Soon after moving here, I realized that moving alone is dangerous, particularly when one has no community from which to draw support. And slowly I also realized that not all people are made for every place. There are communities here, some of which that are doing quite well, but everywhere I turn it feels like i'm a square peg trying to fit into a round hole. Where I lived before, Washington, DC, I would often lament the transience of city life, particularly amongst my generation. However, in the process of wailing over its vices, I rarely stopped to think that I might be part of the change that I wanted so deeply to see in my own city. DC for me was usually transitory, a place that I was merely passing through that would help me get to the place that I wanted to go, perhaps-I told myself-even needed to go.
Now, as I look back on my time in the city in yet another place of transience, a college town with few folks my age who have plans to spend their lives here, I am faced with the consequences of my shortsighted approach to urban life. Had I stayed in DC, I wonder if things couldn't have been different-if i'd moved into the city, against all odds making the place that seemed so cause-focused but remained so disconnected my home. If I had chosen to love the brokenness and hardship that is urban life because I believed that the city had the ability to change, and to change me, maybe life would look differently.

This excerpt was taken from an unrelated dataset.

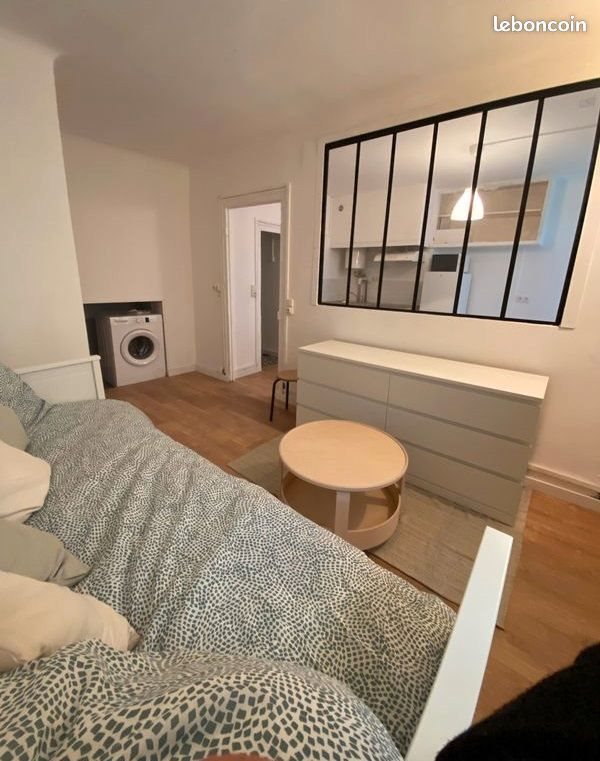 Appartement à louer, 18m², Strasbourg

At its roots, though, this is no "I wish I had done the past differently" tale, although at times I do wish I had done the past differently. The decisions I made have helped shape my character and my understanding into what they are today, and had I not gone through some of the hardships of the past year i'd never have the hopes and longings that I do now. The road has been tough, incredibly tough, and lonely but it does not end here. To the city I will one day return. In the meantime, I am a pilgrim who is roaming the prairie in search of the Western pass that will take me through the mountains and into the new land of plenty. The wilderness has been exhausting, and it has felt like years since I had a good meal, but the hint of purple on the horizon tells me there is something beyond its setting that I cannot quite see.
At this point, there is no glimmer of a radiant Pacific Ocean and truly no sense of when the trail will stop winding through the thorny brush. What remains instead is the almost foolish hope against hope that one day things will be different and that one day the sun-parched ground that I have been tilling will be soaked in a glorious rain. Until then, I long for what is not yet revealed but craved from deep within.